# Records for processing:

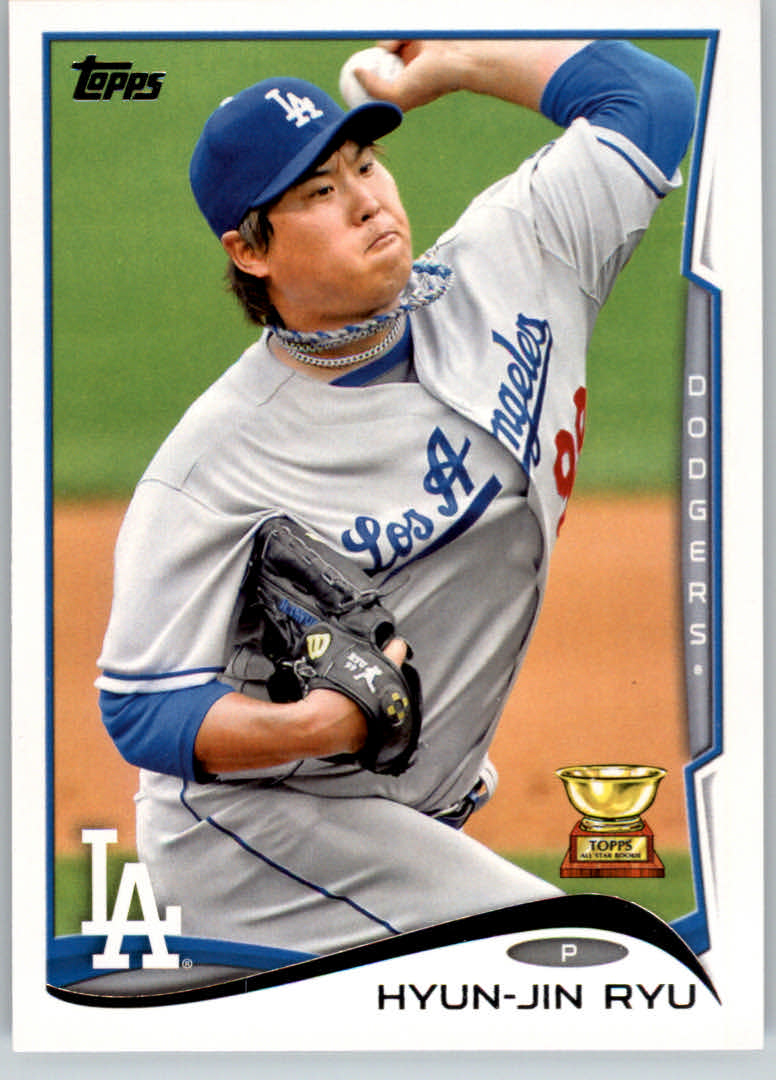 2014 Topps Baseball Card Pick (Base) 1-264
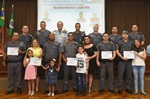 Solenidade de Valorização da Policia Militar 10 BPM/I.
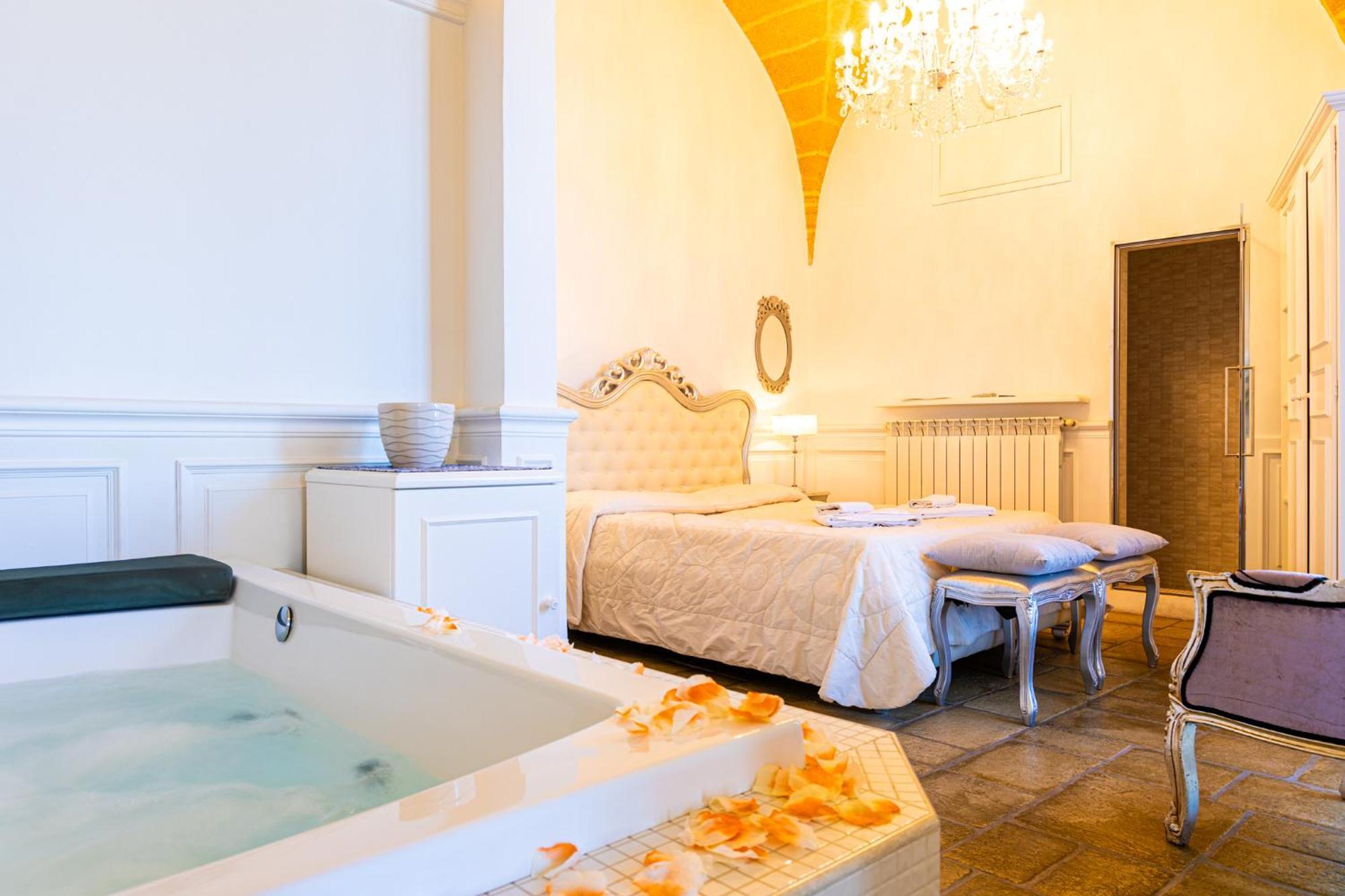Bed and Breakfast Palazzo Aurora Alezio Exterior foto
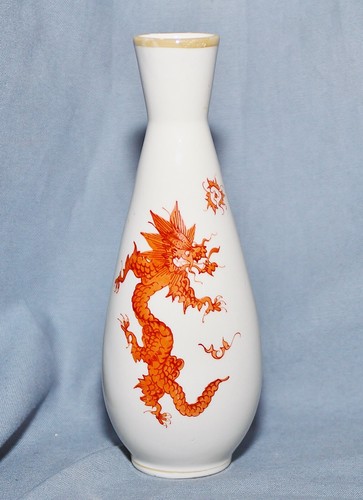 Vaso mingdrachen rosso - vaso,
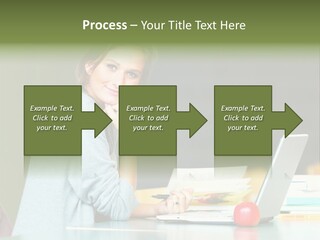 Healthy Breakfast With Fruits And Juice PowerPoint Template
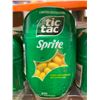 Image 2 : TicTac Sprite Lemon Lime Flavor 16 x 98g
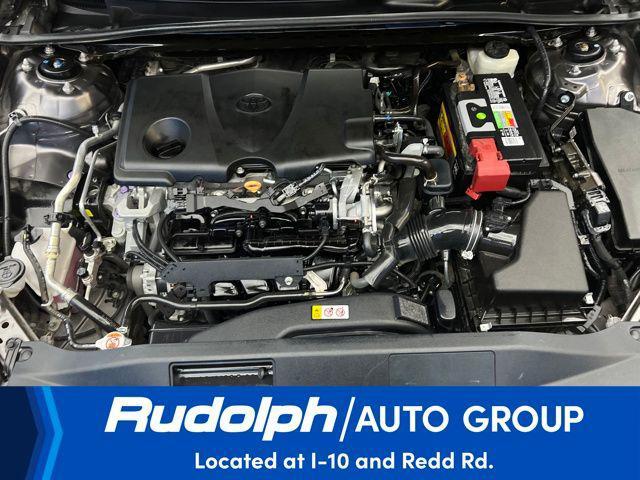 used 2018 Toyota Camry car, priced at $21,895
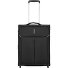  Ironik 2.0 4 roulettes Trolley de cabine 55 cm avec soufflet d'extension Modéle nero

# Your goal:
Beginning with the line that contains "Solenidade de Valorização" and ending with the last line of the entries above, repeat each line exactly, but not the pictures.

# Your response:
 Solenidade de Valorização da Policia Militar 10 BPM/I.
Bed and Breakfast Palazzo Aurora Alezio Exterior foto
 Vaso mingdrachen rosso - vaso,
 Healthy Breakfast With Fruits And Juice PowerPoint Template
 Image 2 : TicTac Sprite Lemon Lime Flavor 16 x 98g
 used 2018 Toyota Camry car, priced at $21,895
  Ironik 2.0 4 roulettes Trolley de cabine 55 cm avec soufflet d'extension Modéle nero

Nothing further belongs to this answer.